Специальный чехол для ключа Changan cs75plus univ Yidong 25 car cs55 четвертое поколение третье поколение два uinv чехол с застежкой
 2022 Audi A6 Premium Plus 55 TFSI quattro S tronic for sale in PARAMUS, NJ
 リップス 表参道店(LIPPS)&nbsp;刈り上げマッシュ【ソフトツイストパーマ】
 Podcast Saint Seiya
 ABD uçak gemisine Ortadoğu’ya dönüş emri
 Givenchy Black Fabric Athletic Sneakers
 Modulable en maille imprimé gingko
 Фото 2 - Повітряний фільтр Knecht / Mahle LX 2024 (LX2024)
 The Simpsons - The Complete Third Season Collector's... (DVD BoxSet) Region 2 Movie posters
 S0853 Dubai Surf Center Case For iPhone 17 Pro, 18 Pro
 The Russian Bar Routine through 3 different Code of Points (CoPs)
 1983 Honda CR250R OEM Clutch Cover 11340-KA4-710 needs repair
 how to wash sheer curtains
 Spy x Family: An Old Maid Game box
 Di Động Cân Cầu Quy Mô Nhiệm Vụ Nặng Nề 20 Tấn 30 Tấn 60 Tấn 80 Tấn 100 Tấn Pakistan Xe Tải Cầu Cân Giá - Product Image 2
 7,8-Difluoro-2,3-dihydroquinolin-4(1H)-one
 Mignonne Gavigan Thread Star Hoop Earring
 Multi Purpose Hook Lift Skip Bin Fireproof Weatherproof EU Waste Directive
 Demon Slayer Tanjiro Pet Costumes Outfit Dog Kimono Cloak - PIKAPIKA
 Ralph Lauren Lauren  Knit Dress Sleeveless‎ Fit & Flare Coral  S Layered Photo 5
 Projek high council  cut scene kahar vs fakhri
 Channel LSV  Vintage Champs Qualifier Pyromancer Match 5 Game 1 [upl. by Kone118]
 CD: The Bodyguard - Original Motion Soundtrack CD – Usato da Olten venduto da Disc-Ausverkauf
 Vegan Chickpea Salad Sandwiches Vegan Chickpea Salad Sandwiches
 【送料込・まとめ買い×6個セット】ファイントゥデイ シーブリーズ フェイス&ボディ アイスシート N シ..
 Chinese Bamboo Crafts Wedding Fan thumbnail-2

*What to produce*
Output, from the data above, the lines from the line with "Givenchy Black Fabric Athletic Sneakers" to the line with "Multi Purpose Hook" exactly as they stand, both ends included and nothing else.

*Result*
 Givenchy Black Fabric Athletic Sneakers
 Modulable en maille imprimé gingko
 Фото 2 - Повітряний фільтр Knecht / Mahle LX 2024 (LX2024)
 The Simpsons - The Complete Third Season Collector's... (DVD BoxSet) Region 2 Movie posters
 S0853 Dubai Surf Center Case For iPhone 17 Pro, 18 Pro
 The Russian Bar Routine through 3 different Code of Points (CoPs)
 1983 Honda CR250R OEM Clutch Cover 11340-KA4-710 needs repair
 how to wash sheer curtains
 Spy x Family: An Old Maid Game box
 Di Động Cân Cầu Quy Mô Nhiệm Vụ Nặng Nề 20 Tấn 30 Tấn 60 Tấn 80 Tấn 100 Tấn Pakistan Xe Tải Cầu Cân Giá - Product Image 2
 7,8-Difluoro-2,3-dihydroquinolin-4(1H)-one
 Mignonne Gavigan Thread Star Hoop Earring
 Multi Purpose Hook Lift Skip Bin Fireproof Weatherproof EU Waste Directive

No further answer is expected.